Phishers have been exploiting people’s fear and curiosity regarding breakthroughs and general news related to the COVID-19 pandemic from the very start, and will continue to do it for as long it affects out private and working lives.
Cybercriminals continually exploit public interest in COVID-19 relief, vaccines, and variant news, spoofing the Centers for Disease Control (CDC), U.S. Internal Revenue Service (IRS), U.S. Department of Health and Human Services (HHS), World Health Organization (WHO), and other agencies and businesses.
Phishers targeting employees
According to Inky researchers, employees who have slowly been returning to work in offices and other company premises can expect cyber crooks to impersonate their colleagues and their company’s leadership.

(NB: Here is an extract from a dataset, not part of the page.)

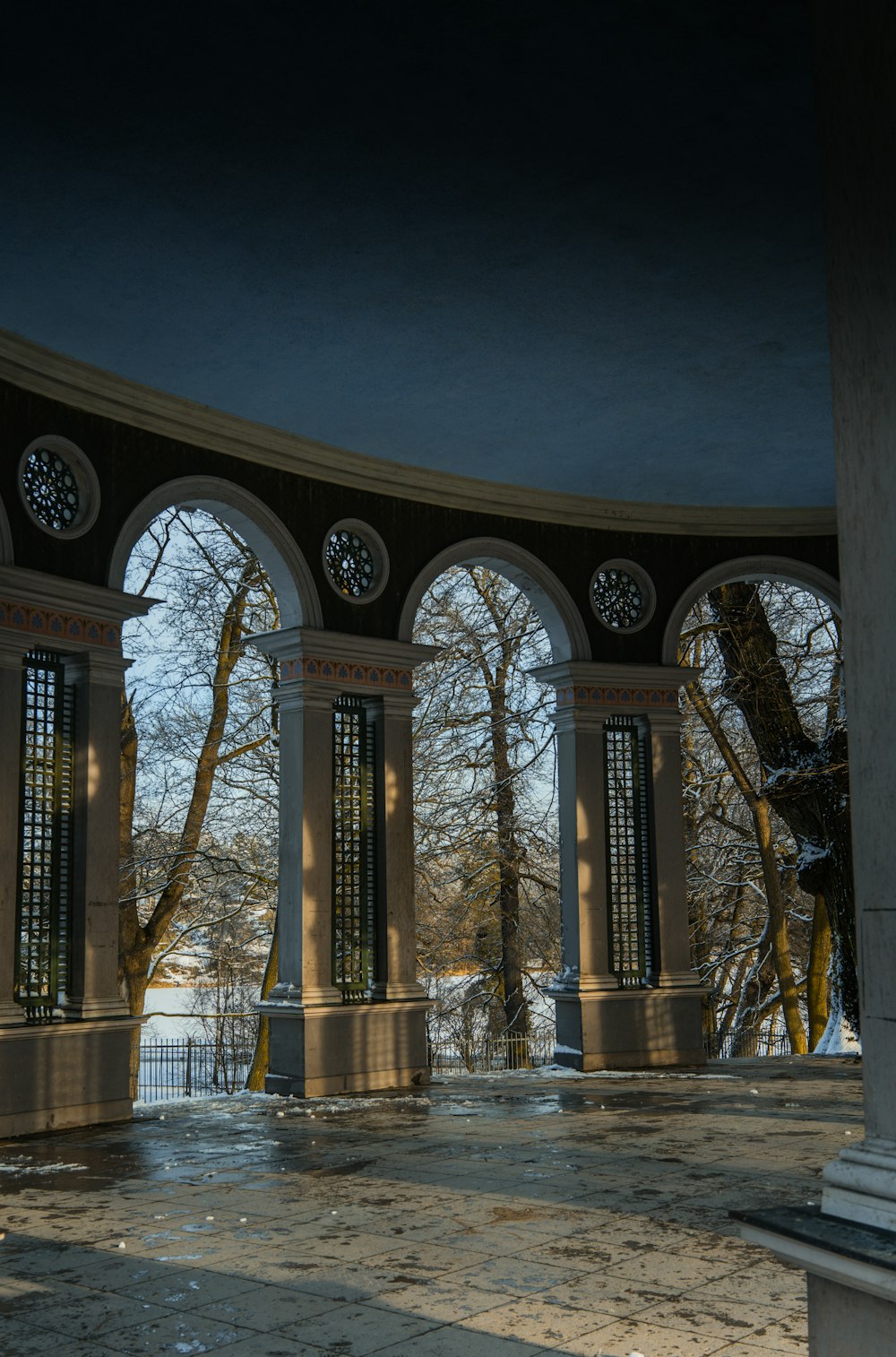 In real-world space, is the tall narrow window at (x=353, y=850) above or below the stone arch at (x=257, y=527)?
below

Judging by previously detected campaigns, the attackers will be hitting employees with emails made to look like they are coming from the HR or some other department, or from the CEO.

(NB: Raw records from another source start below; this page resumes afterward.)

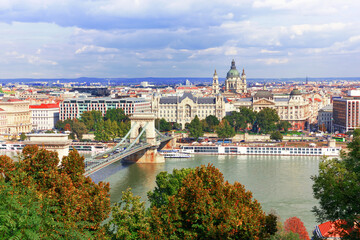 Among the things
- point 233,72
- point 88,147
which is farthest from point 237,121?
point 233,72

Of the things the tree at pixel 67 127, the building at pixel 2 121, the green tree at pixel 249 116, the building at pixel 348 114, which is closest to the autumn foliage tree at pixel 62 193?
the tree at pixel 67 127

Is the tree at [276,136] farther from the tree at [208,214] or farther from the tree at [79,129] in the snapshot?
the tree at [208,214]

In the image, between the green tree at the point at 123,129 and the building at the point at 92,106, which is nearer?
the green tree at the point at 123,129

Lures will likely include:
- Surveys that employees must take regarding their willingness to receive the Covid-19 vaccine (or other related inquiry)

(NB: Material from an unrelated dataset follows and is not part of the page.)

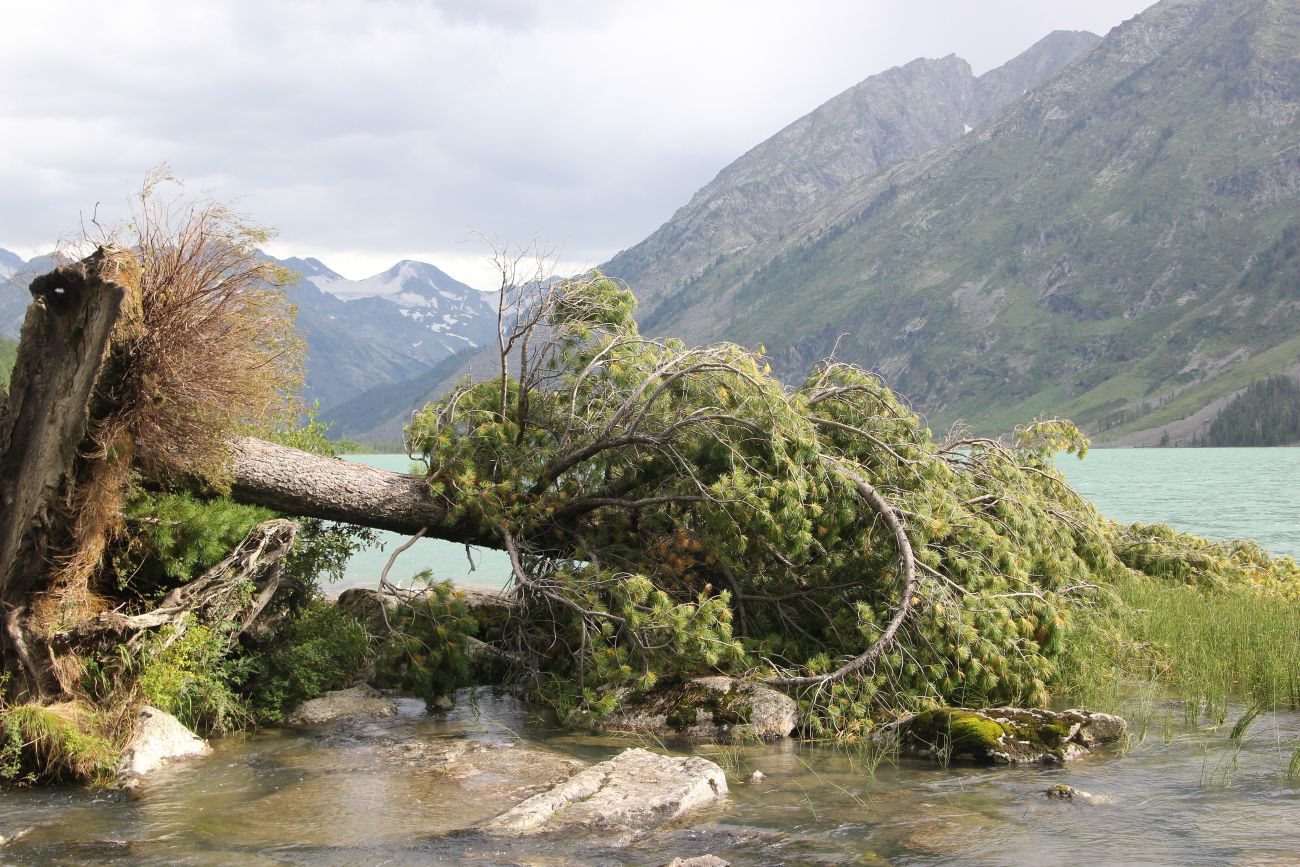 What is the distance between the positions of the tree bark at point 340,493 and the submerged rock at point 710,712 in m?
3.34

- New internal precautionary measures to “support health and safety”
- Information about changes in rules and new security roles within the company
- Requirements to review and complete new policy sections and guidelines
The emails will contain design elements related to the company (logos, etc.). Links will point to credential harvesting or malware-serving sites on a hijacked domain, and will look like they point to legitimate tools (e.g., Google, Basecamp, SharePoint, etc.). Phishers will try to create a sense of urgency, obligation, and even threaten employees with sanctions to get them to follow the links.
“Of course, we would be remiss if we didn’t mention that even if you’re one of the many companies remaining remote after the pandemic, you’re still at great risk of an email phishing attack,” the researchers noted.
“According to the FBI’s 2020 Internet Crime Report, the number of complaints rose 69% during the year of the pandemic, with the largest reported losses in history — a whopping $4.1 billion. Business email compromise phishing schemes continue to be the costliest with adjusted losses of about $1,8 billion. And sadly, in terms of types of cybercrime, phishing incidents more than doubled in the past year.”